:: Work to be completed ::
From the entries below, output the line with "Distracting Candy Femfox" and each following line up to and including the line with "Women's socks capr", exactly as written.

:: Excerpted data ::

>>>

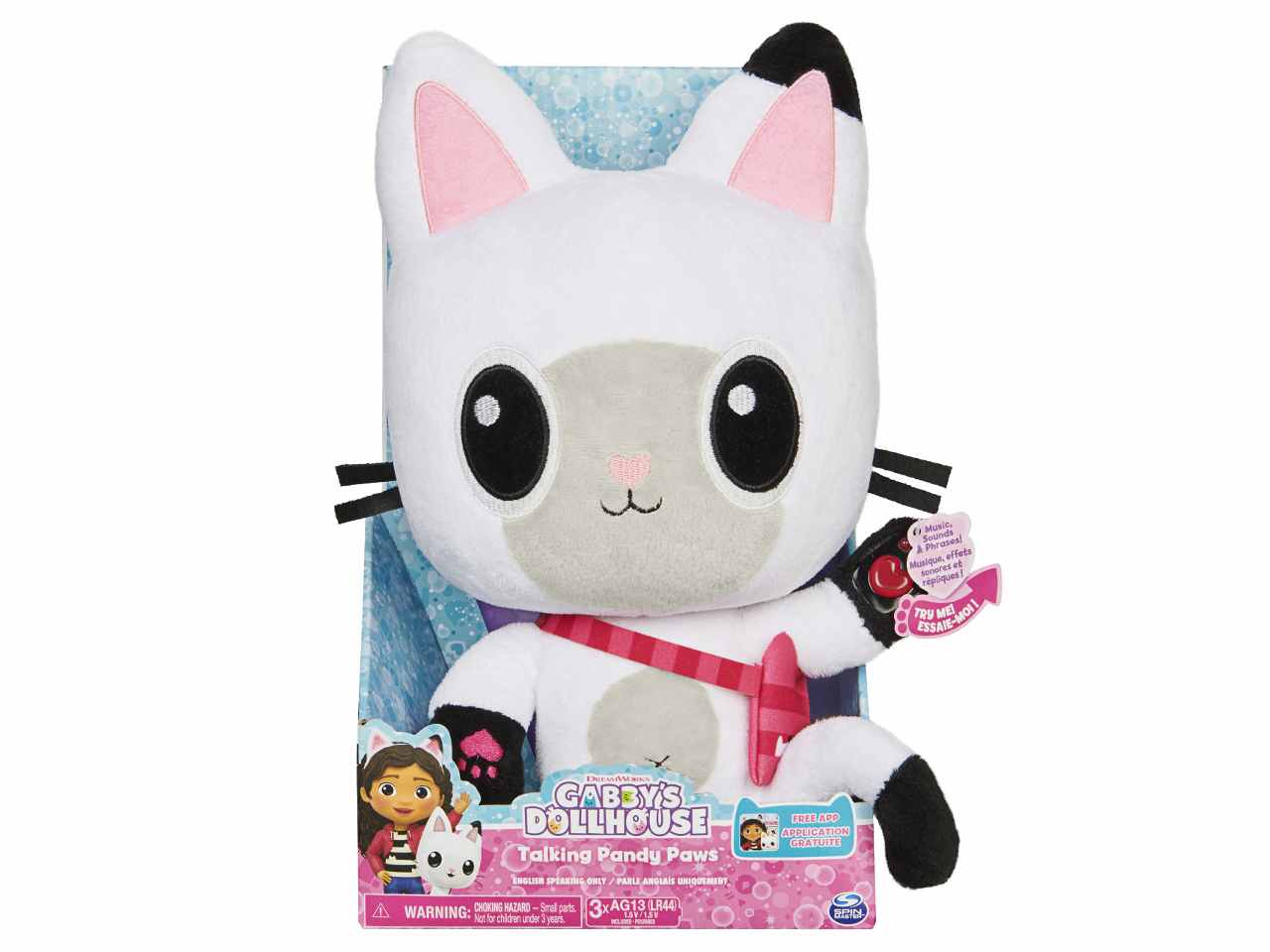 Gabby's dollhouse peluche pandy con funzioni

<<<
>>>

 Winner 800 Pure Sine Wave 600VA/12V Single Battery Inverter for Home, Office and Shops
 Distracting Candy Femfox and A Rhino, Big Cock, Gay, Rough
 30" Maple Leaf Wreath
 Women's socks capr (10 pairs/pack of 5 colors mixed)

<<<
>>>

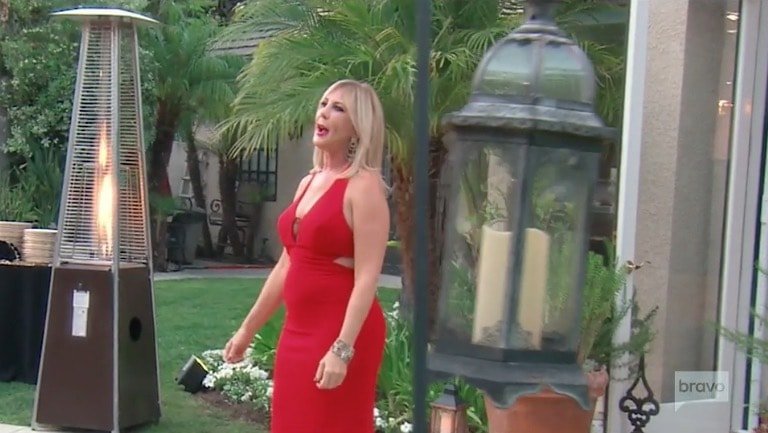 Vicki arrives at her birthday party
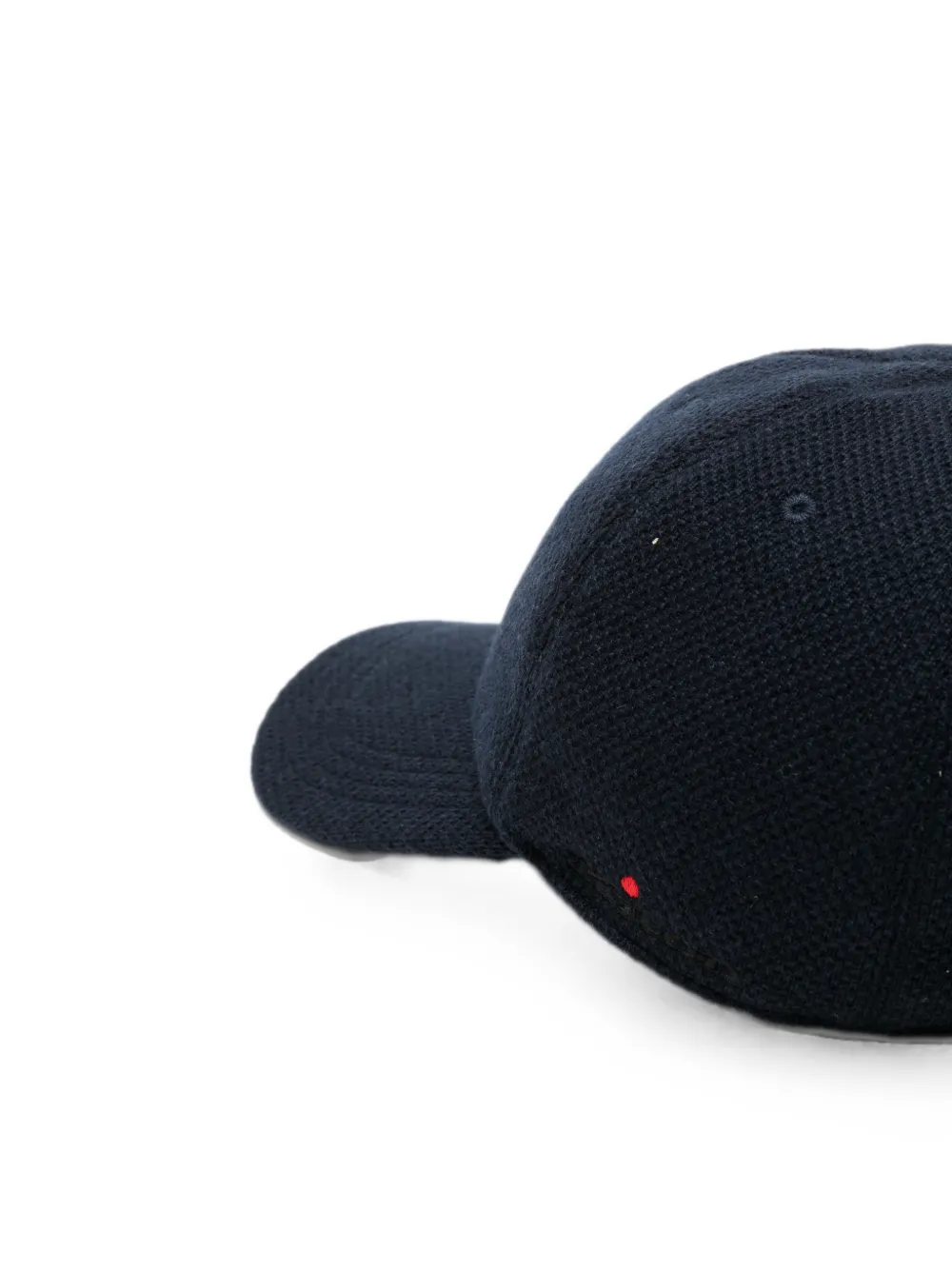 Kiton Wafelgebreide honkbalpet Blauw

<<<

:: Exercise solution ::
 Distracting Candy Femfox and A Rhino, Big Cock, Gay, Rough
 30" Maple Leaf Wreath
 Women's socks capr (10 pairs/pack of 5 colors mixed)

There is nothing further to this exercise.